As the cylinder rotates, each scale is marked by an inked pen. These are actuated by mechanisms that react to atmospheric changes. Temperature is recorded using a still-common method—a bimetallic strip whose deflection changes according to the difference in the thermal expansion of two different metals (usually steel and copper or a copper alloy) that have been joined along their length. 

In 1783, Horace-Bénédict de Saussure introduced his new
method for measuring humidity with a classical
 flourish: a putto playing with another's hair.

The second pen, tracking humidity, is actuated by hair—specifically human hair that has been treated to remove moisture and natural oils. This treated hair will vary in length between 2 and 2.5% across the range of relative humidity. This simple, accurate, and reliable way of recording RH remains relatively unchanged since it was first introduced in the eighteenth century by the Swiss philosopher Horace-Bénédict de Saussure in his Essais sur l’Hygrométry (1783).

While the hygrothermograph is simple and reliable, it shows some of the difficulties embodied in older mechanical approaches to gathering data. Most obviously, it is labour intensive and, no doubt, demands a certain level of skill and experience to use accurately. Modern data loggers (the hygro-thermograph’s digital equivalent) will transfer data directly to a computer. The data from a mechanical hygrothermograph must be read from an inked chart. Charts need to be regularly replaced and the ink refilled. These inked charts accumulate. Using this device on the 24 hour setting would, over time, leave you with a fair amount of cardboard to store. Finally, supplies are not cheap. The slow path of the pens across the chart surface requires special ink and cardboard so that the ink does not dry out or quickly soak into the chart.

Detail of the hair element.

In the end, given issues of calibration and long-term expense, we will likely spring for a digital data logger. It is remarkable, though, that these simple and robust hygrothermographs still have a well-established place in many institutions. They are among the survivors or a generation of instruments that traced data in ink, or smoked paper, against a rotating drum. Many such instruments, from a variety of scientific contexts, will be added to the UTSIC catalogue in the coming months and years.

Measuring Heat With the Pyro Optical Pyrometer

by Sebastian Assenza

Many extraordinary scientific instruments found their way into the UTSIC collection after being deemed obsolete by one or more of the university’s professors or department administrators. New instruments inevitably supersede older ones which, considering the chronic lack of storage space in modern science departments, are either discarded or donated to museums or private collections. A fascinating exception to this rule is UTSIC’s Pyro Optical Pyrometer, a handheld device used to measure the temperature of an object by comparing reradiated light with a previously calibrated internal lamp.  What makes this particular instrument so special is that similar pyrometers are still being produced and sold by The Pyrometer Instrument Company in New York.
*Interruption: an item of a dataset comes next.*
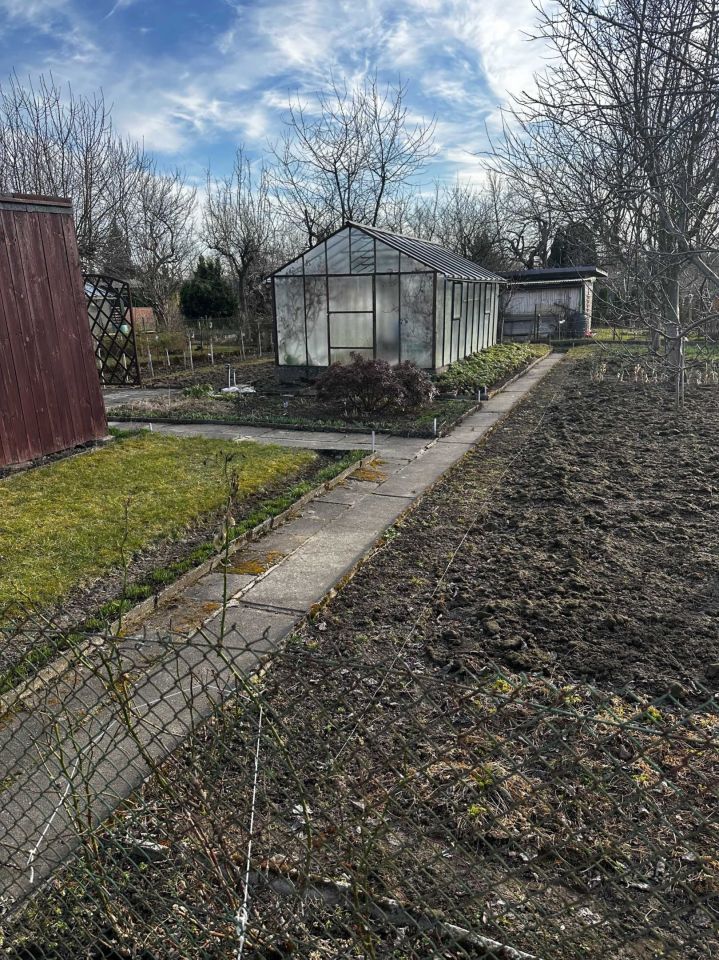 Działka rod Koszalin Kretomino, ul. św. Wojciecha. Zdjęcie 4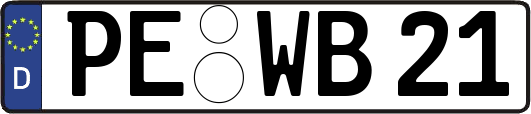 PE-WB21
A quick comparison reveals that UTSIC’s pyrometer, made in 1940, differs from those sold online today in little but age and experience.

The Pyro Optical Pyrometer is an extremely rugged and easy to use device that serves a number of purposes.  Advertised as an industrial apparatus used to remotely measure the temperature of molten metals or ceramics, the Pyrometer also comes equipped with a sturdy leather case. Along with its light weight, robust construction, and simple operating procedures, the Pyrometer is ideal for work in the field, as well as in the lab or the lecture hall.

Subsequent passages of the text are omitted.